When some people gauge their human capital, they find that they are not making enough money and decide to make some changes. That could mean starting a second or third career.
A former chemist I know has become a financial planner. A friend moved from technical support manager to business architecture analyst, a big jump from fixing computer systems to restructuring an entire company.
While my tech-support friend was forced to evaluate his human capital in short order this year - he was laid off - his was a model case for how to do it.
First, he looked at the assets at his disposal, which included a termination package, training and a healthy emergency fund. Then he determined his immediate and future monetary needs.
After enhancing his presence on social media, he brushed up on his speaking skills through a Toastmasters club and began talking to recruiters. Eventually, he found a position with a smaller company as a business architecture consultant. While he was no longer directly providing tech services, he managed to leverage his background into a job he finds rewarding.
Investing in your human capital means scanning your personal balance sheet like this and figuring out how to find a happier balance between work, family, leisure and passionate pursuits.
Here is what you have to do to run your own numbers:
1. Figure out a retirement plan:
On reaching 65, New Zealanders are eligible to NZ Super, which is currently $349 per week for a single person ($18,144 a year) or $537 per week for a couple ($27,914 annually). To decide whether you could live on this alone or would need extra income, retirement commission website sorted has information and calculators.
2. Plan for big expenses:
Saving for university for yourself or your children can be daunting. You can figure out how much you will need by plugging numbers into online calculators. Consider other major expenditures that are likely to crop up as well: weddings, travel, real estate, healthcare costs and so forth.
3. Act like an actuary
Similar to measuring financial portfolio risk, you need to tally career risk and health risk. If you are in an unstable company or industry, you will need to think about how to find better work.

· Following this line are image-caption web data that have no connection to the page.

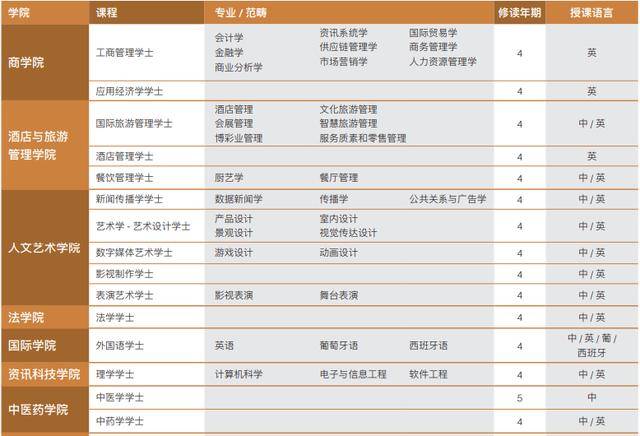 新澳门一码一肖一特一中2024高考,全面计划执行_XE版14.613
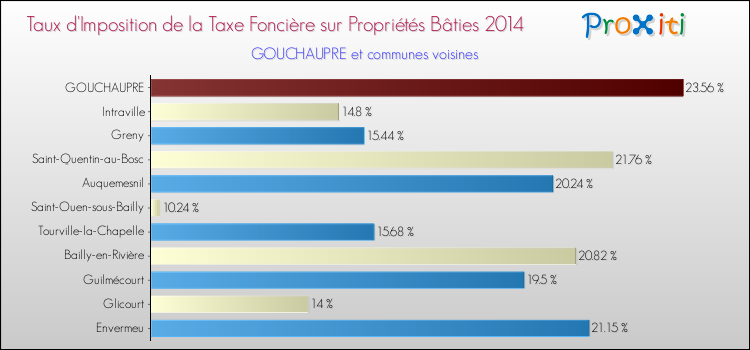 Taux d'imposition de la taxe foncière sur le bati 2014 pour GOUCHAUPRE et les communes proches Comparaison des taux d'imposition de la taxe foncière sur le bati 2014 pour GOUCHAUPRE et les communes voisines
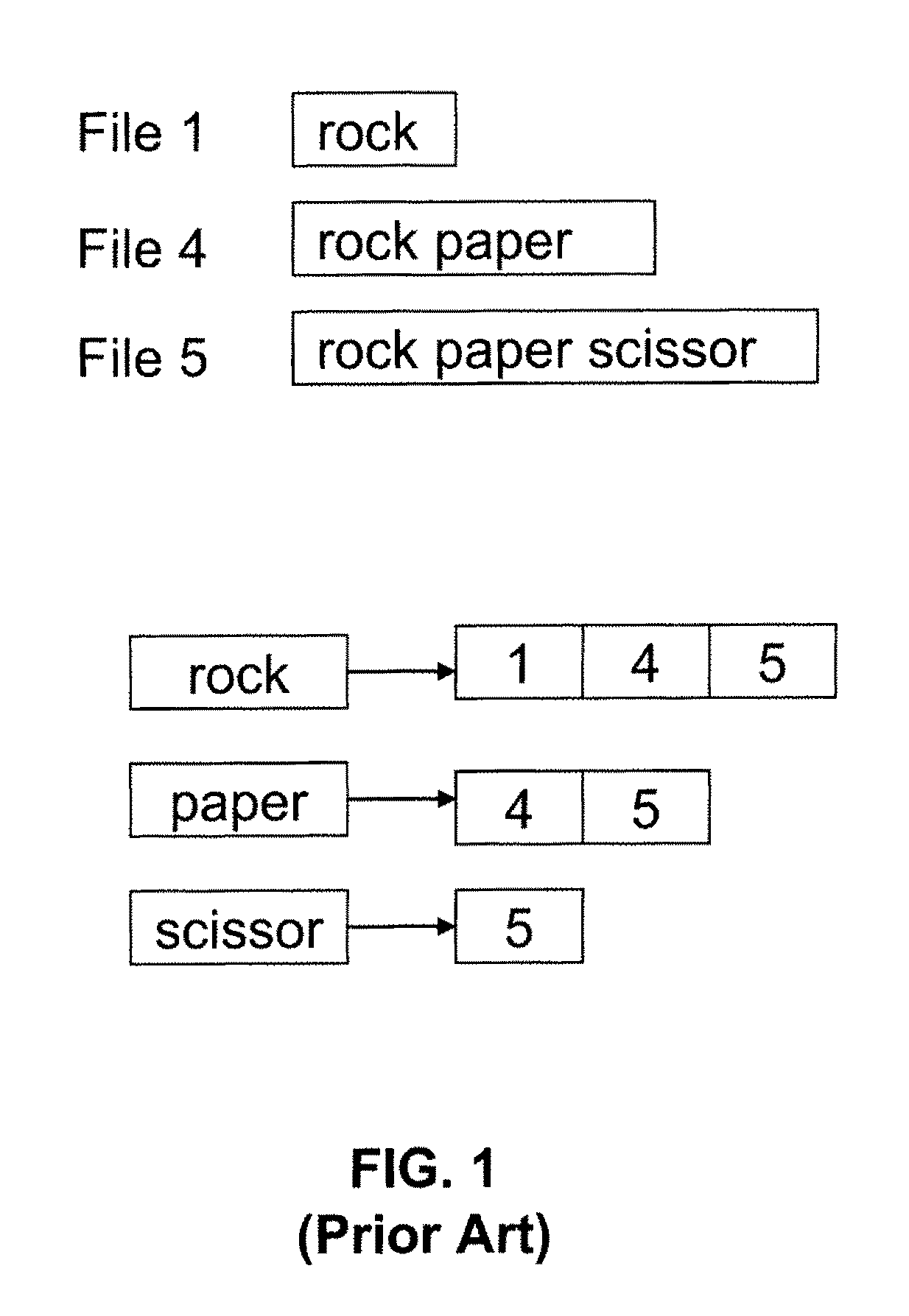 Efficiently indexing and searching similar data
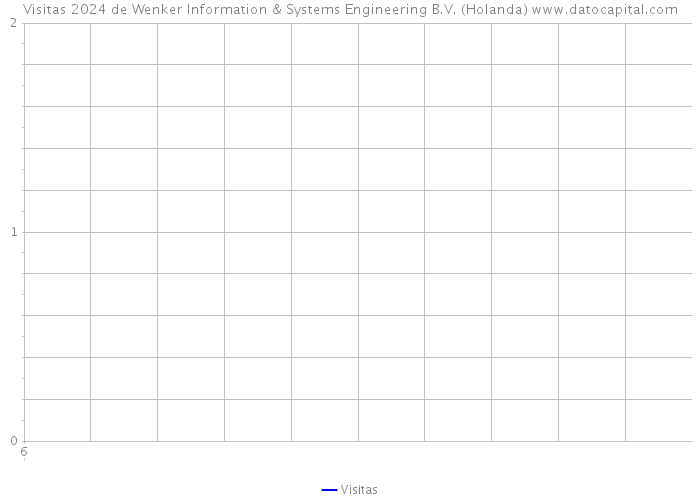 Visitas 2024 de Wenker Information & Systems Engineering B.V. (Holanda)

Be honest with yourself about your mental stability, too. This is a linchpin for human capital, because you will have trouble moving forward if you are depressed. Sad people make poorer financial decisions, according to a recent paper published in Psychological Science. Attend to your mental well-being now, and you can make better choices for your portfolio.
4. Do the maths
When merging your financial and human capital reviews, you need to strike a balance. If you choose to switch careers, you will need to quantify how much to change spending and savings.
With that information, do a "lifetime balance sheet".
As Boston University economist Zvi Bodie suggests, put your financial assets and human capital in one column. On the other side, list liabilities such as taxes, retirement spending, pre-retirement consumption and other numbers.
5. Be ready to act
If your asset side comes up short, do something about it. The point of doing this analysis is to come to some conclusions about your life.
If you do this sort of work on your stock portfolio, you would rebalance your holdings at the end of it, not just note the conclusions and muse about their importance. Treat your human capital with the same kind of respect.